Quanto allo stile, è da notare che il V. non traligna dalle vie tracciate dai vecchi maestri spagnoli: come quelli, egli si tiene al principio della naturalezza e della semplicità nella forma. Ciò equivale a dire che il V. sa esprimersi senza ricorrere al difficile e intricato contrappunto dei fiamminghi né a quello matematico e frigido di tanti maestri del tempo. V., educato al fianco del Palestrina, seguì insieme la semplicità e la naturalezza dello stile tradizionale spagnolo, e - in parte - quello del Palestrina; è per questo che la sua arte sorpassa in purezza quella degli altri maestri iberici e si accosta a quella del sommo maestro italiano.

V. nello scriver musica, si proponeva di commuovere e rapire lo spirito degli ascoltatori; come i letterati mistici e i pittori del secolo, seppe riunire il rigore stilistico con il carattere amabile a lui proprio. Il segreto di questa sua propria estetica consiste precisamente nel misticismo drammatico che seppe imprimere nelle sue opere; misticismo drammatico che va sempre accompagnato da un'espressività musicale già tipica spagnola, ma ora potenziata dal V. oltre il pensabile. Sotto tale riguardo non si sa che cosa più ammirare: se la dolcezza di O magnum Mysterium per la Natività, o il drammatismo emozionante della Passione di Cristo nell'Officium Hebdomadae Sanctae, o la pietà fiduciosa che s'espande dall'Officium Defunctorum.

Occorre rammentare che il V. non scrisse alcuna musica madrigalistica, dato che la sua estetica musicale seguì sempre il principio che la musica ha il compito di elevare le anime al loro creatore. Anche per questo egli non mai usò temi profani: a scrivere la sua musica di umiltà, adorazione e dolore gli bastano il repertorio gregoriano e gli appelli e lamenti di dolore e di amore che naturalmente salgono dal suo cuore.

In conclusione si può dire che - come nel Palestrina - così anche nel V. la ragione profonda dello stile è contenuta nella linea melodica. L'incontro della melodia e dell'armonia produce nella sua musica una forza emotiva incomparabile per mezzo della dissonanza.
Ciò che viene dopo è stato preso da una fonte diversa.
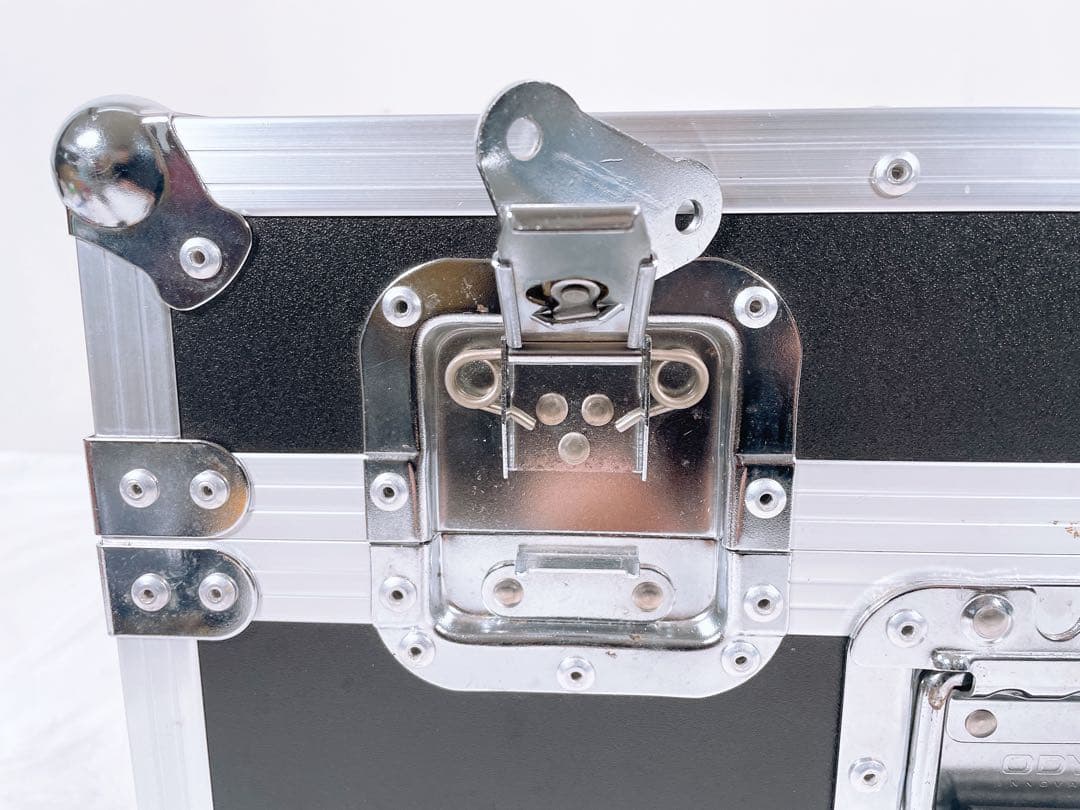 【良品】 ODYSSEY FR1200E ターンテーブル ハードケース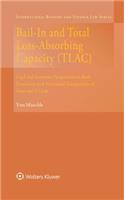 Bail-In and Total Loss-Absorbing Capacity (TLAC)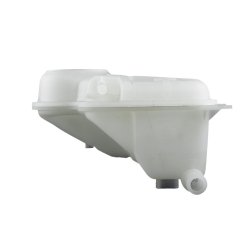 Vase d'expansion de liquide de refroidissement pour AUDI, SKODA, VW OE 8D0121403F Aftermarket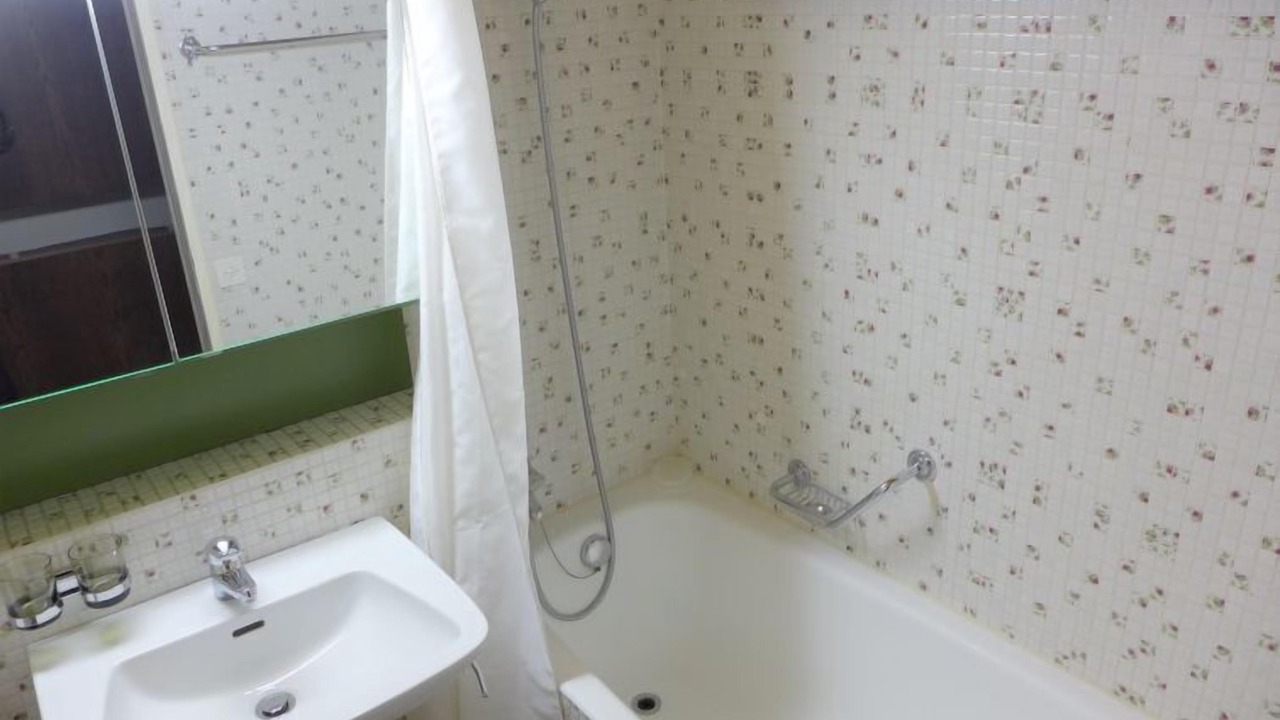 Photo of Bathroom in Montana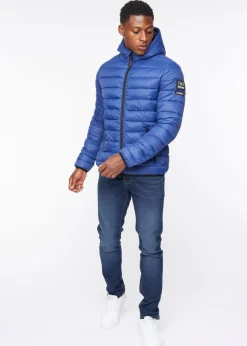 Crosshatch Royal Gattering Jacket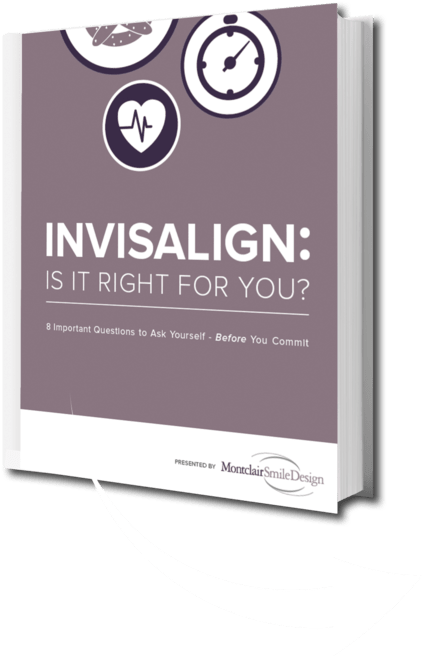 Preview Of Our Free Ebook Download For Our Oakland - Ebook Invisalign (450x682), Png Download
In ogni caso, per seguire ch'egli faccia i procedimenti tradizionali della polifonia del tempo e per riprender ch'egli faccia molti caratteri dello stile palestriniano, egli sa porre nella sua musica un segno inconfondibile di alto drammatismo mistico castigliano. Oltre a ciò, nella sua musica, noi incontriamo elementi tipici della scuola nazionale spagnola, dai quali non si potrebhe prescindere: tra gli altri, l'ascesa di 4ª diminuita fa ♯ - si ♭ tanto caratteristico poi negli organisti del sec. XVII, e l'intervallo di 2ª aumentata mi ♭ - fa ♯ tipico di alcune canzoni popolari iberiche.

Fino ad oggi non è stato possibile rintracciare un ritratto del V.; nonostante la loro splendida edizione, le sue pubblicazioni non recano mai sul frontespizio la sua immagine.

Bibl.: P. X. Haberl, T. L. de V., in Kirchenmusik-Jahrbuch, 1896; F. Pedrell, T. L. V., ecc., Opera omnia, VIII, Lipsia 1913; id., T. L. V., ecc., Valenza s. a. (ma 1918); H. Collet, Le Mysticisme musical espagnol au XVIe siècle, Parigi 1913; id., Victoria, ivi 1914; R. Mitjana, Estudios sobre algunos músicos españoles del siglo XVI, Madrid 1918; R. Casimiri, Il V., in Note d'archivio per la storia musicale, XI (1934), n. 2.